A interpretação de Ricardo Pereira, que sustenta a maior parte da peça, é decisiva para aceder ao centro emocional desta narrativa de desvio e transcendência. No entanto, a dicção irregular e uma colocação de voz frequentemente deficiente comprometeram a fruição de um texto que exige precisamente o contrário: precisão, subtileza e a capacidade de fazer das palavras um gesto interior. Num espetáculo em que a fronteira entre pensamento e fala é tão ténue, perder trechos do discurso é particularmente frustrante. Por várias vezes, o timbre afundado ou o fraseado pouco articulado impediram o público de acompanhar o fio existencial que Jon Fosse tão habilmente constrói, esse fluxo contínuo onde passado, presente e futuro se entrelaçam. A encenação de Sandra Barata Belo aposta na proximidade emocional, mas essa intimidade depende de um verbo nítido, capaz de guiar o espectador pelo labirinto mental da personagem. A fragilidade vocal do actor criou uma distância involuntária, quebrando a imersão que a peça tanto procura. E é uma pena, porque quando o actor encontra o tom certo - sobretudo nos momentos de maior exaustão ou perplexidade - a personagem adquire densidade, revelando na respiração pesada e na pausa prolongada a vertigem de quem caminha à beira do fim.

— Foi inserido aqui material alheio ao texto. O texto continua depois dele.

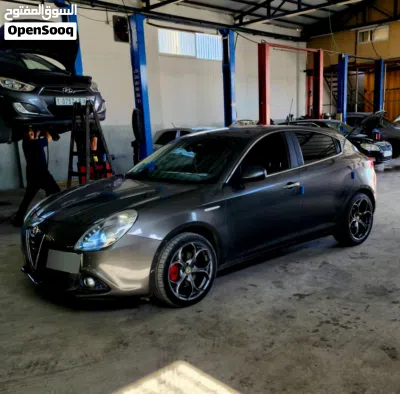 Alfa Romeo Giulietta Giulietta Veloce 2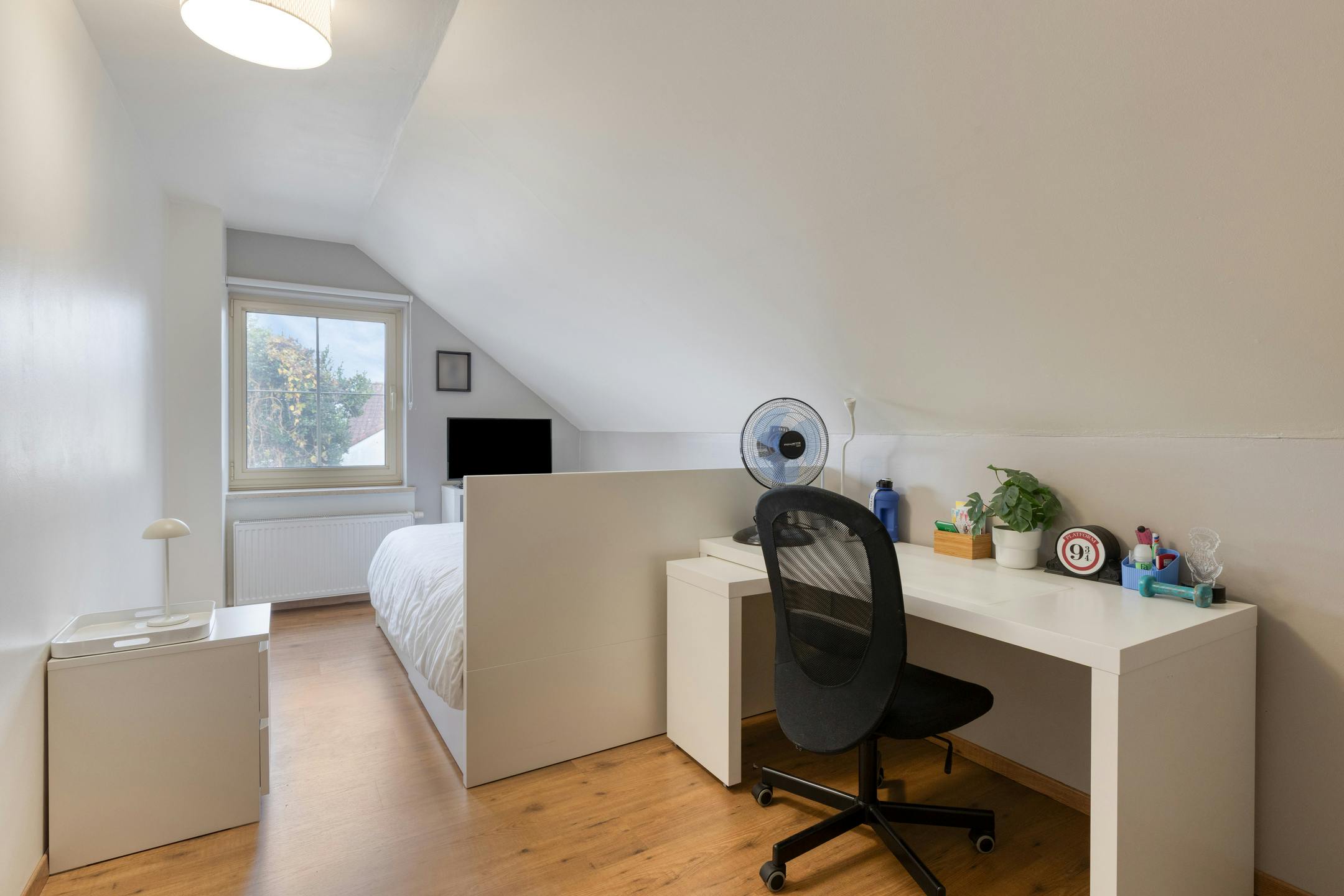 Gerenoveerd huis met 4 kamers te koop in Waregem foto 17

Apesar dos embaraços cénicos e interpretativos, “Uma Brancura Luminosa” evidencia a sensibilidade de Sandra Barata Belo ao captar o espírito ambíguo da obra de Fosse, onde o real se dissolve em espectro e onde cada gesto parece existir num limiar entre presença e ausência. A “brancura luminosa” que o protagonista vislumbra, essa figura ou energia que o acolhe num momento de cansaço extremo, surge aqui como metáfora de entrega, transição e possível renascimento. A encenação procura dar corpo a essa dimensão quase espiritual através de elementos visuais mutáveis, embora nem sempre alcance a simplicidade que o texto sugere. Ainda assim, há coerência na intenção: A peça quer que o público circule entre a dúvida e a revelação, entre a opacidade e a claridade, entre o medo e uma espécie de serenidade oculta. E é precisamente nestas zonas intermédias que o espectáculo encontra a sua força, sobretudo quando a música, a luz e o ritmo abrandado se conjugam na criação de um espaço contemplativo. Mesmo com falhas, a peça oferece momentos de genuína beleza, convocando questões sobre o abandono, a solidão e a esperança que ressoam para lá da sala. No final, aquilo que permanece não é a densidade dos adereços nem a falha circunstancial da palavra, mas a sensação de um caminho aberto, misterioso, inquietante e, tal como a escrita de Fosse, capaz de tocar o que há de mais silencioso em nós.